MADRID (Reuters) - Former International Monetary Fund (IMF) chief Rodrigo Rato arrived at a Madrid prison on Thursday to start a four-and-a-half year jail term for using company credit cards to make costly personal purchases while running state-owned lender Bankia.
Rato, who was economy minister in Spain and a prominent figure in the ruling People’s Party (PP) before moving to the IMF, chaired Bankia for two years until just before its state bailout in 2012.
Spain’s High Court ruled in 2017 that Rato was responsible for overseeing the misuse of credit cards at the bank, which involved 64 former Bankia executives, including Rato.
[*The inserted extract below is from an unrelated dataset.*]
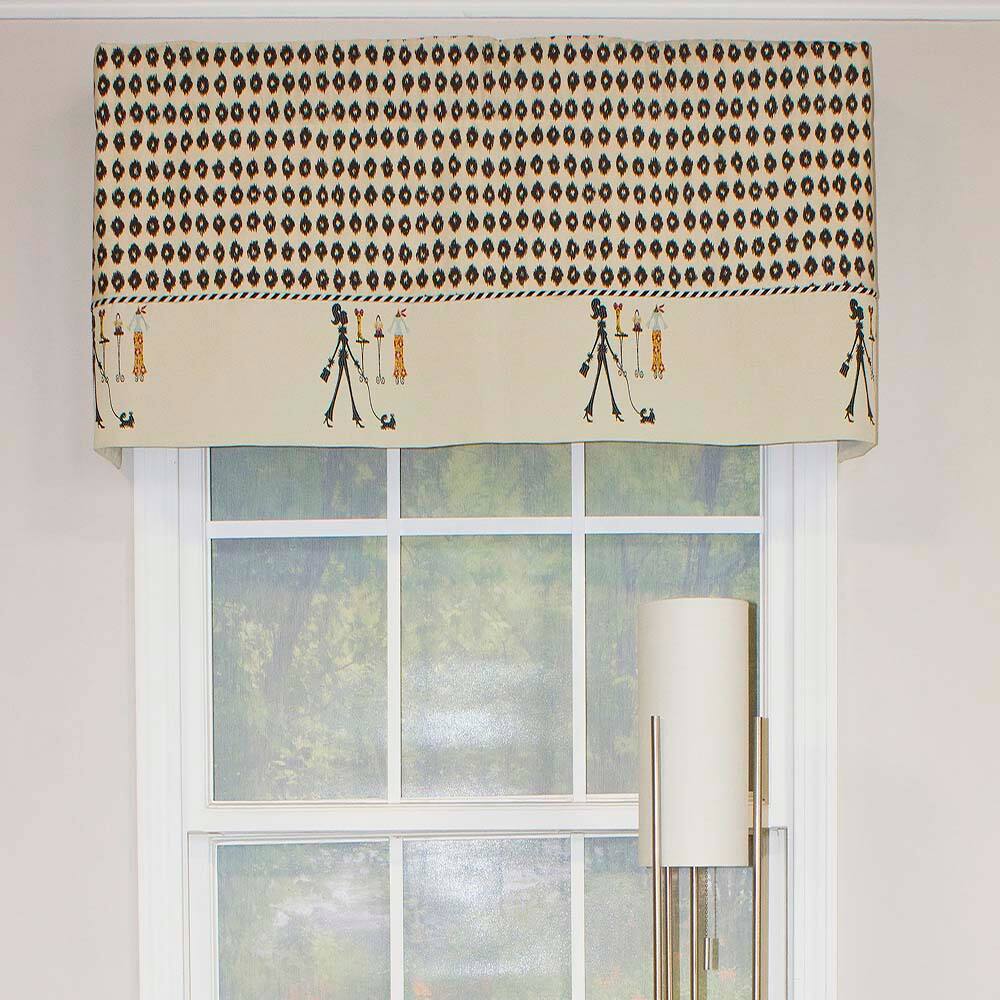 Angle. RLF Home - RLF Home Shopaholic Window Treatment Banded Valance 3" Rod Pocket 50" x 16" Ivory - Ivory.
Corporate credit cards were used to buy jewels, holidays and expensive clothes, as well as more mundane everyday personal purchases. In total, prosecutors investigated some 12 million euros in spending between 2003 and 2012.
Carrying two suitcases and dressed in jeans, a grey shirt and a blue sleeveless jacket, Rato thanked family and friends for their support during the legal process against him before entering the Soto del Real prison on the outskirts of Madrid.
“First of all I would like to say that I fully accept my obligations before society, I recognise all the mistakes that I may have made and I ask for forgiveness from those who may have felt deceived,” Rato told reporters gathered outside the jail.
He appealed the ruling and denied any wrongdoing, arguing the expenses he accrued on the Bankia credit cards were legal.
But Spain’s Supreme Court confirmed earlier this month the four-and-half year jail sentence from the High Court and said it considered the sentence to be proportionate due to Rato’s preeminent position at Bankia.
The so-called “black cards” case sparked widespread anger when the scandal first broke in 2014, at a time when Spain was recovering from years of recession, mass layoffs and a banking crisis partly triggered by Bankia’s massive bailout.
Rato still faces two other legal cases, one over Bankia’s ill-fated public listing in 2011 — with the trial expected to begin at the end of November — and another for tax fraud.